Но в поведении Меркуцио есть даже нечто демонстративное. Почему мы не можем сидеть и отдыхать в любом месте нашего города?! Такой трусостью мы только распускаем дураков, захвативших все улицы в свои руки. Мир надо насаждать упорно, настойчиво, показывая пример бесстрашной жирности. Так считает Меркуцио, и потому он уселся поудобнее, снял рубаху и, может быть, даже загорает. Но Бенволио по-прежнему полон тревоги за последствия подобной демонстративной мирности. Подобную демонстрацию могут просто не понять, и дело опять кончится убийством.

Но Меркуцио настроен насмешливо. Именно в этот момент и появляется Тибальт.

Однако совсем не для того, чтобы затеять драку.

Оказывается, он по-своему мучается некоторыми сложными вопросами. Его интересует, каким образом Меркуцио может дружить с Ромео.



Как может родственник герцога дружить с сыном Монтекки?

Тибальт не в состоянии проникнуть в тайну этой симпатии, как обезьяна не может постичь тайну умножения.

Если бы Меркуцио ненавидел Ромео или Ромео ненавидел Меркуцио, в этом не было бы ничего противоестественного. Но почему симпатия связывает их, детей разных семейств, из которых одно — семейство герцога, а другое — семейство рядового богатого синьора? Тибальта мучает эта загадка, она его просто гложет. Настолько, что он решил подойти к Меркуцио и спросить.

Вначале ему кажется необходимым даже предупредить их, что идет он не для драки, что сидеть они могут спокойно, что у него к ним словечка два, не больше — «я думал, удар-другой»,— говорит Меркуцио. Он продолжает столь же спокойно лежать. Они еще перебрасываются парой шуток, за которыми скрывается достаточно напряженная ситуация, и тогда как раз Тибальт и задает Меркуцио этот недоуменный вопрос — ты в компании с Ромео?!

В этом вопросе сквозит такая уверенность в том, что с Ромео нельзя быть в одной компании, что Меркуцио ничего не остается, как рассердиться. Не рассердись он его дружба с Ромео оказалась бы липовой. Нельзя не рассердиться, когда в твоем присутствии уничижительно говорят о твоем друге.

Подобно тому как Тибальт не собирался драться с Меркуцио, Меркуцио не собирался сердиться на Тибальта.
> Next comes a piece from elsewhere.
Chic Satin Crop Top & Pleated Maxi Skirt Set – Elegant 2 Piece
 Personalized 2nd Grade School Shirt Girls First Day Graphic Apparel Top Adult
Один хотел лишь узнать, другой — предполагал продемонстрировать бесстрашное спокойствие, чего бы это ни стоило.

Однако не выдержал, вскочил. Рассердился на отвратительно глупую уверенность Тибальта в том, будто бы Ромео принадлежит к какой-то низшей категории. Рассердился настолько, что стал вызывать Тибальта на драку, стал настаивать на этой драке. В этой внезапной и как будто бы даже неразумной вспыльчивости — удивительное чистосердечие.

Ненависть у таких, как Тибальт, единственный проблеск сознания. И он даже гордится этим. Способность ненавидеть отличает его от тех, кто вовсе пуст.

Подойдя к Ромео, Тибальт спокойно подыскивает слова оскорбления. В таких вещах он не знает страха. В этом его своеобразный долг перед семейством, и он умеет его выполнять.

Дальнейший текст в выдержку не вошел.